Uang tidak diam, ia hidup dalam perputaran. Ia berputar seperti musim: datang, memberi, pergi, dan kembali dalam wujud yang lain. Kadang ia datang dengan wajah bahagia, kadang dengan pelajaran yang pahit. Namun setiap perjalanannya membawa cerita tentang sebab dan akibat, tentang pilihan dan konsekuensi.
Manusia sering berpikir uang datang karena kerja keras. Betul, kerja keras mengundang hasil, tapi uang tidak selalu tunduk pada rumus logika.
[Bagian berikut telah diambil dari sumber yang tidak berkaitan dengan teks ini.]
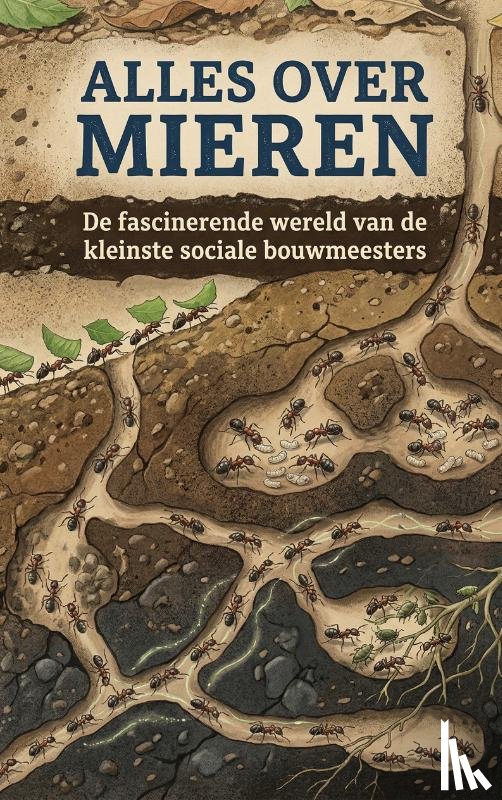 B.V., Andries - Alles over Mieren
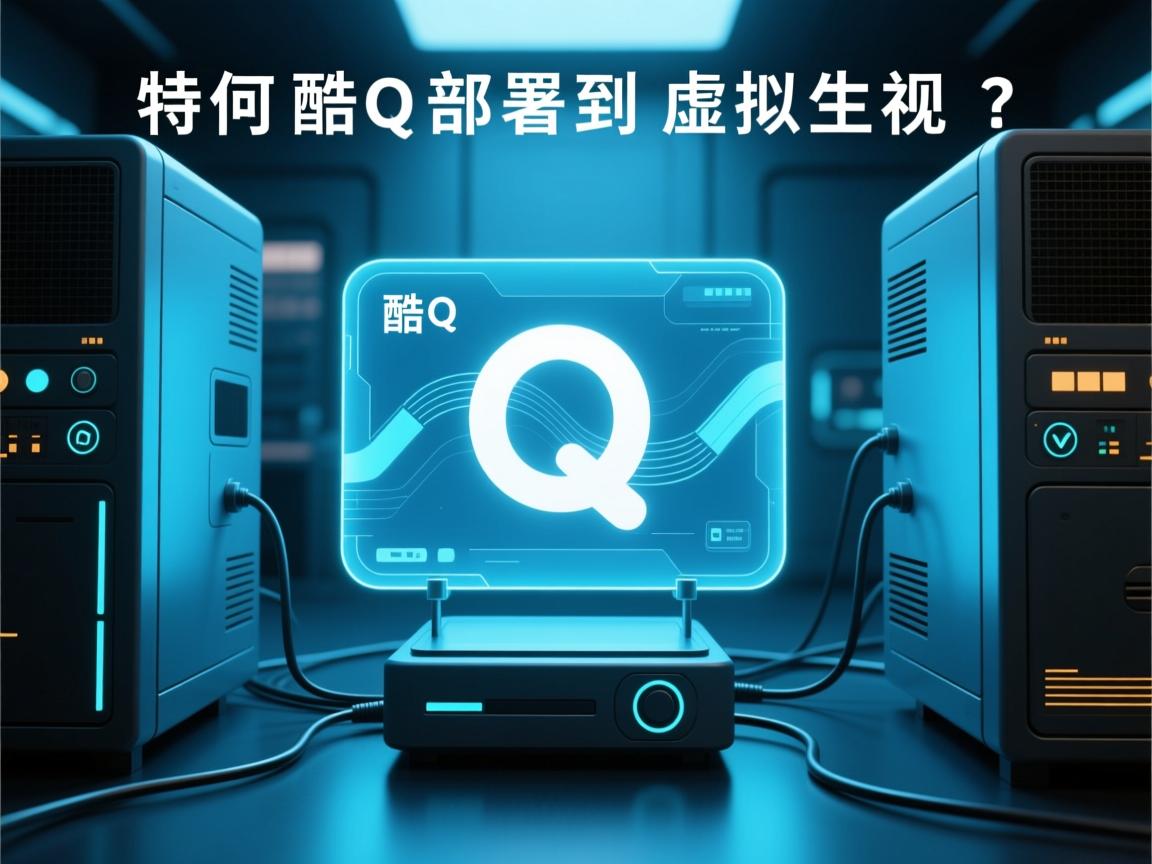 如何将酷Q部署到虚拟主机?  第3张 如何将酷Q部署到虚拟主机?  第3张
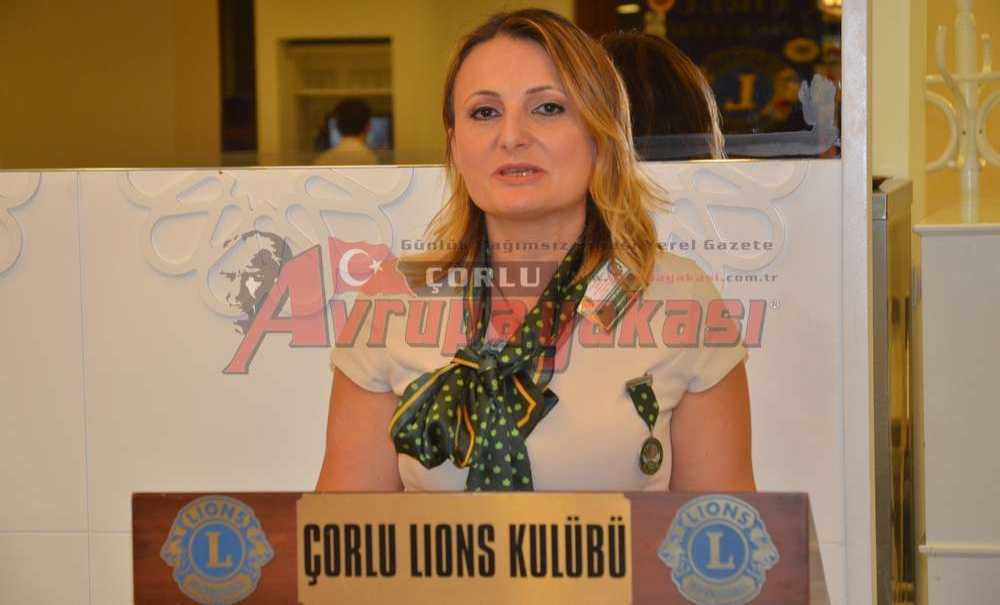 Çorlu Lions Kulübü'nden 24 Temmuz Kutlaması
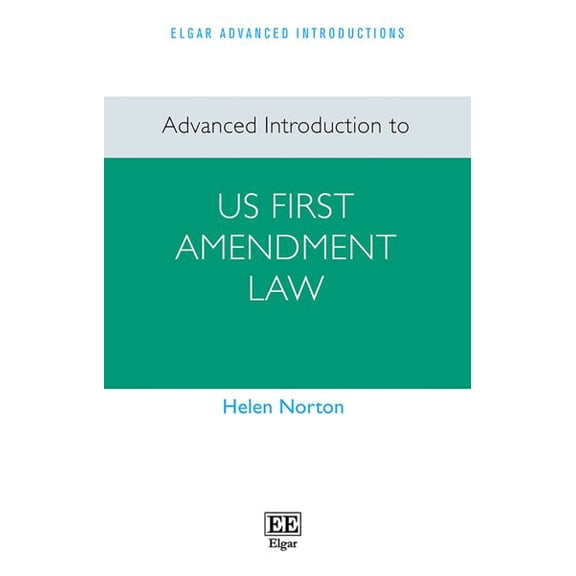 Pre-Owned Advanced Introduction to US First Amendment Law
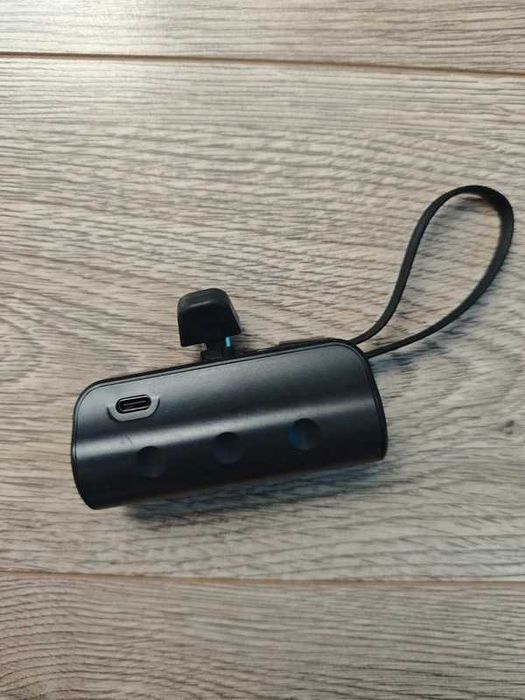 Mini powerbank 5000mah usbc + iphone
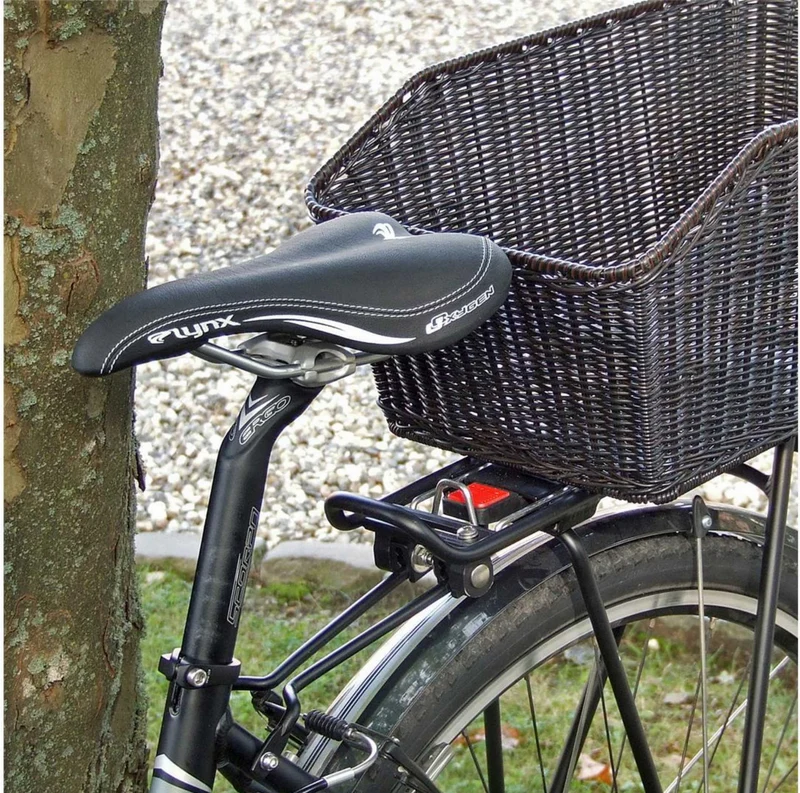 KLICKfix Structura GT Hinterradkorb für GTA schwarz fein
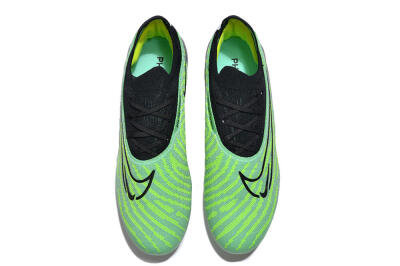 Unisex Nike Phantom GX Elite FG Football Boots - Green/Black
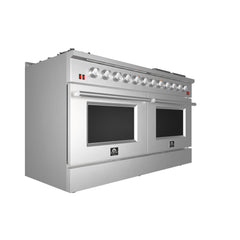 FORNO 60" Galiano Gold Professional Freestanding Gas Range - FFSGS6244-60 - The Home Selection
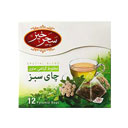 مخلوط گیاهی حاوی چای سبز 12 عددی سحرخیز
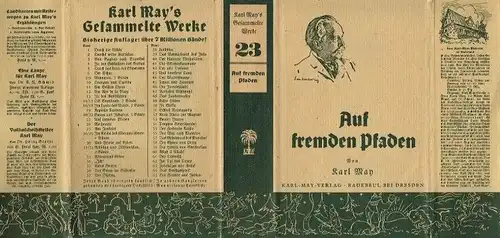 Buch: Auf fremden Ofaden, May, Karl. Karl May's Gesammelte Werke, Reiseerzählung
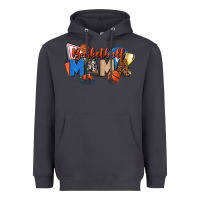 Smoke basketball mama Heavyweight Hoodie - FaDigitalArtStudio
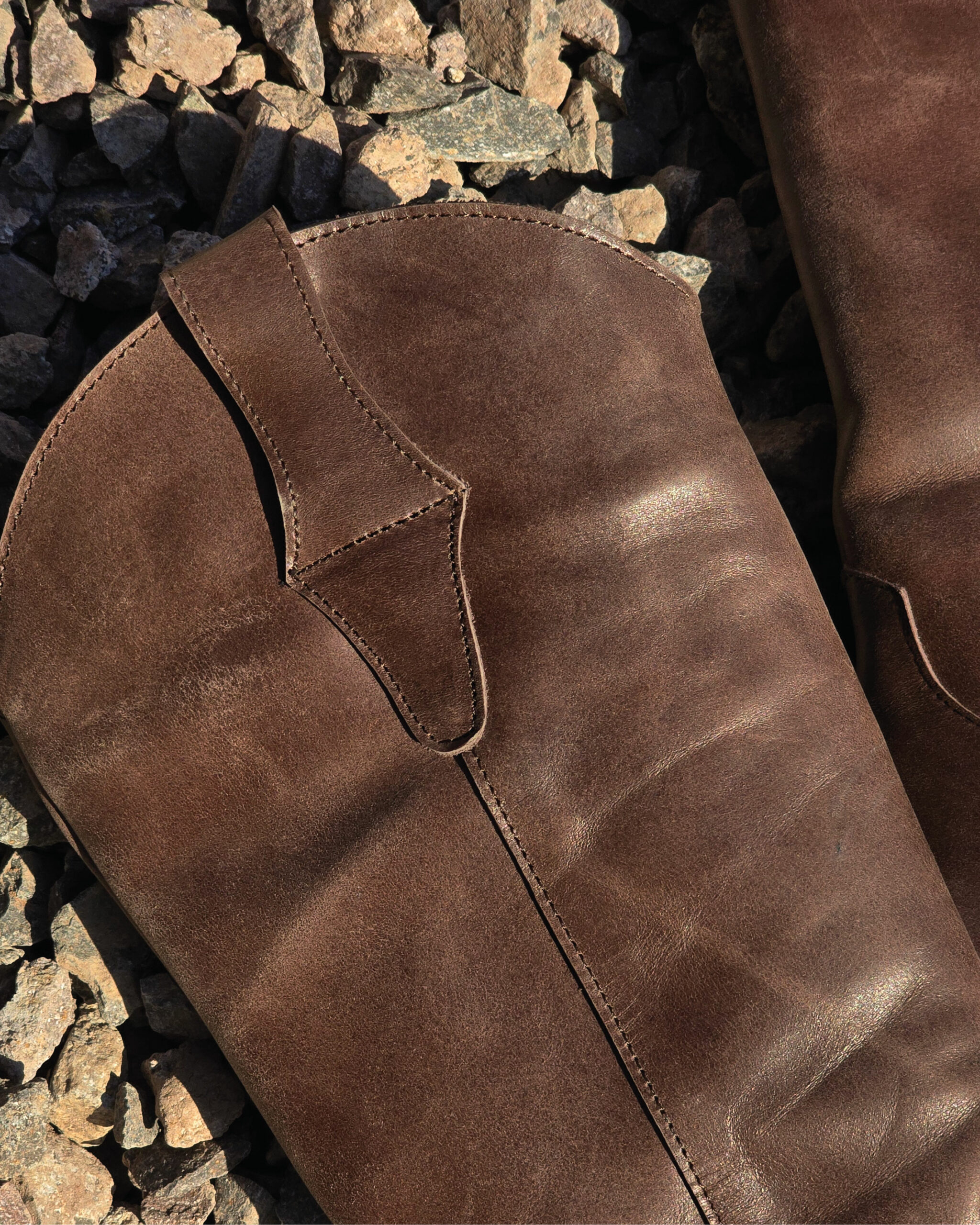 Sienna Piel Genuina Café Lisa - Imagen 2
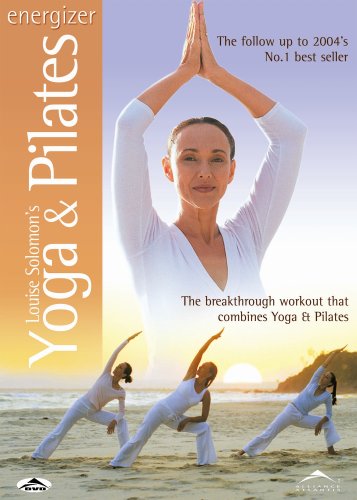 Yoga And Pilates: Energizer [DVD] - Very Good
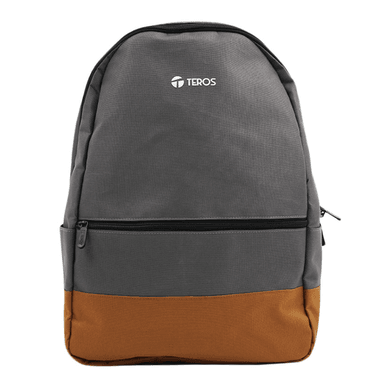 MOCHILA TEROS NOVA GREY/BROWN – TE-ACS9020GR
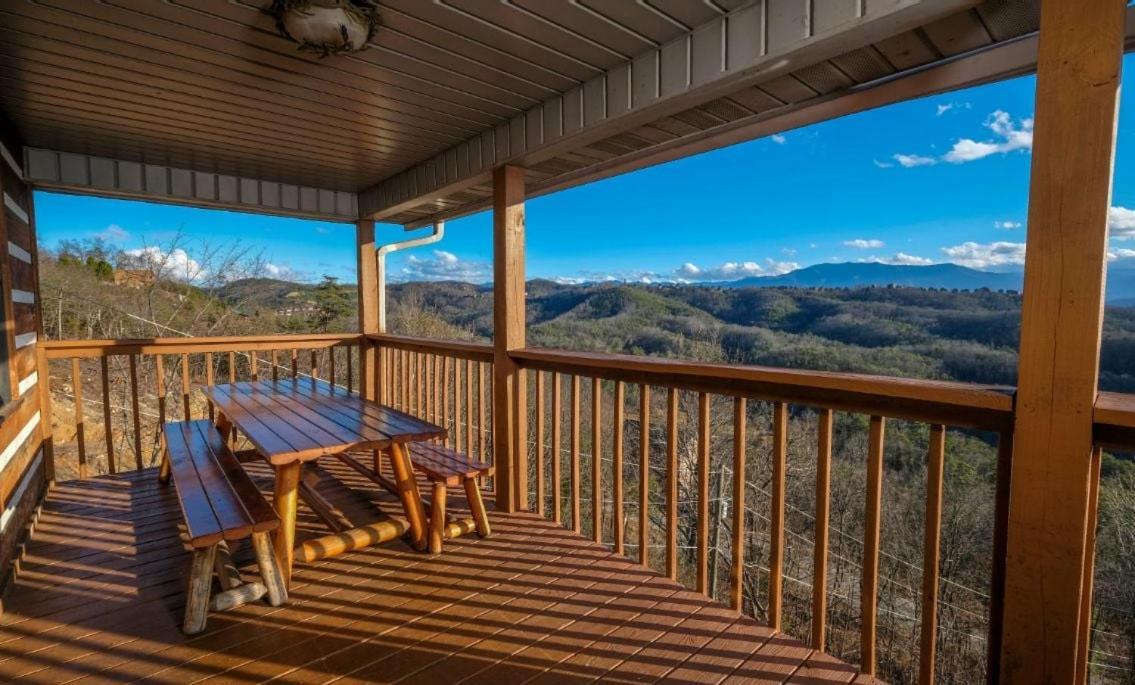 Smoky View With A Twist Villa Pigeon Forge Buitenkant foto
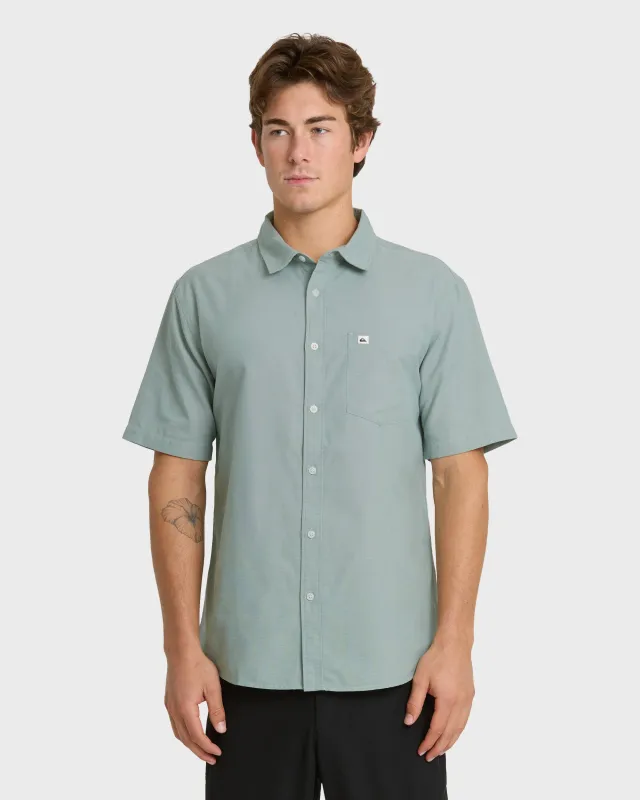 Shoreline Classic Short Sleeve Shirt - Herb sold by Quiksilver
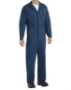 Red Kap - Button-Front Cotton Coverall Additional Sizes - CC16EXT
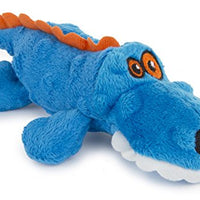 GoDog Just for Me Gators - Peluche para perro - BESTMASCOTA.COM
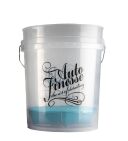 Auto Finesse Detailing Bucket mit Einsatz 20L transparent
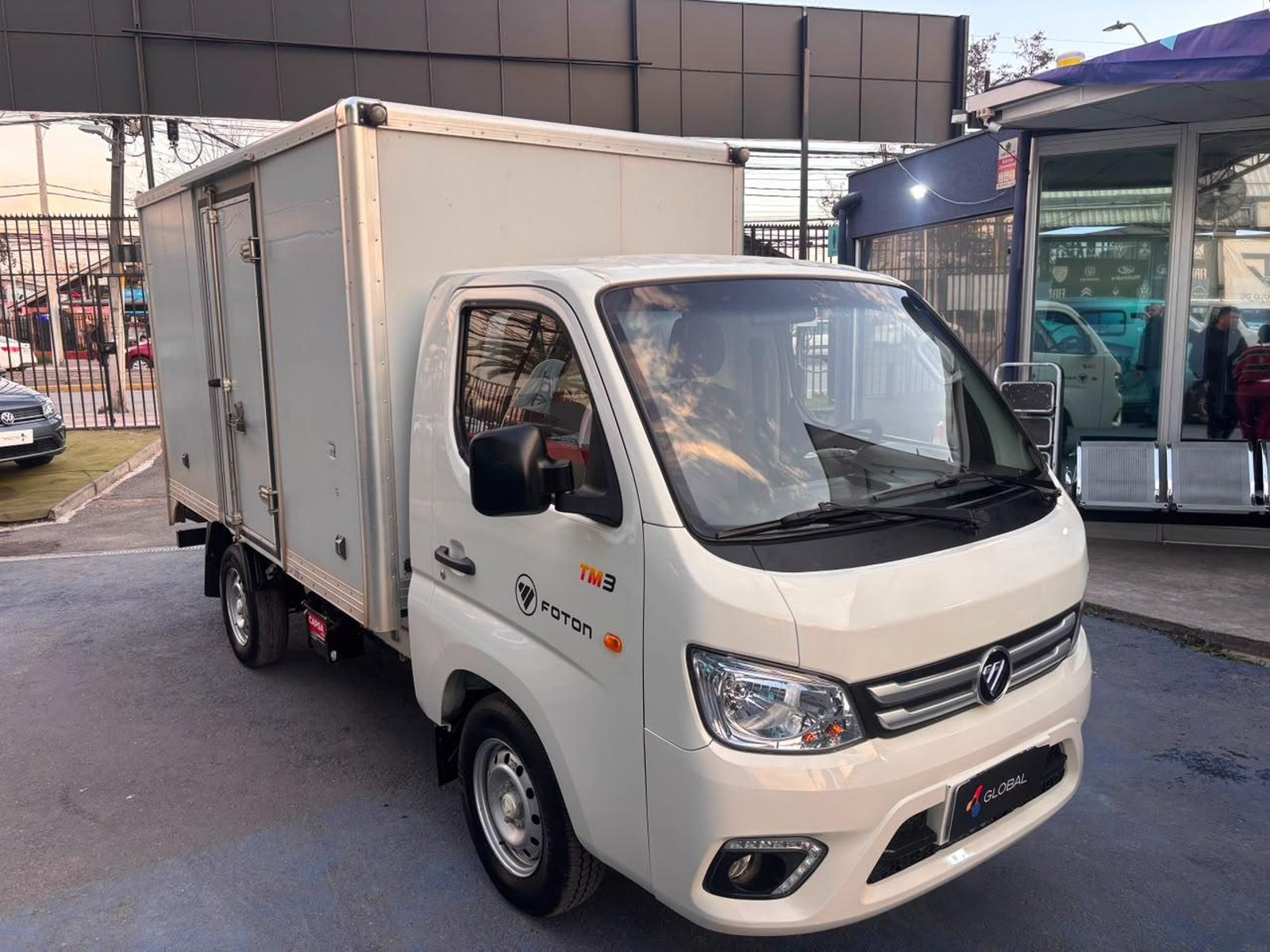 Foton TM3 CargoBox 1.6 2024 - Imagen 3 de 10
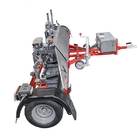 Tow behind magnetic sweeper MSA 3000 EAGLE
Ia lebih sering bergerak menurut irama takdir dan niat hati. Banyak yang bekerja siang malam tapi uang menjauh, banyak pula yang memberi dengan tulus lalu uang datang tanpa diminta.
Karena uang mengenal energi hatimu. Ia mengenali tangan yang ikhlas dan tangan yang tamak. Ia mengenali jalan menuju manusia yang siap menggunakannya untuk kebaikan.
Ia seakan berbisik, “Aku bukan tujuan, aku hanya perantara. Aku bukan tuhan, aku hanya alat untuk menguji hatimu.”
Dan kelak ketika kita tiada, uang tetap melanjutkan ziarahnya-melintasi warisan, transaksi, amal, dan dusta. Ia terus mencari rumah baru, sementara manusia yang dahulu menggenggamnya telah menjadi tanah, kembali diam, tak lagi berkehendak.
Maka jangan terlalu mencintai uang, karena ia tidak mengenal kesetiaan. Ia akan datang dan pergi menurut waktunya, sebagaimana nasib datang dan pergi menurut kehendak Tuhan.
Lebih baik engkau jadikan uang sebagai sahabat perjalanan, bukan tuan yang mengikat, bukan musuh yang ditakuti. Gunakan ia untuk menyalakan lentera hidup, bukan membangun tembok keserakahan.
Sebab pada akhirnya, yang kekal bukanlah uang yang kau simpan, tetapi jejak kebaikan yang kau tanam dengan uang itu.
Selama uang masih kau simpan ditanganmu, di dompetmu, di brankarsmu, maka kamu masih menjadi budak uang, karena senantiasa memikirkannya. Tapi manakala uangmu kamu keluarkan, kamu sedekahkan maka uang akan menjagamu dan mengawalmu sampai akhirat.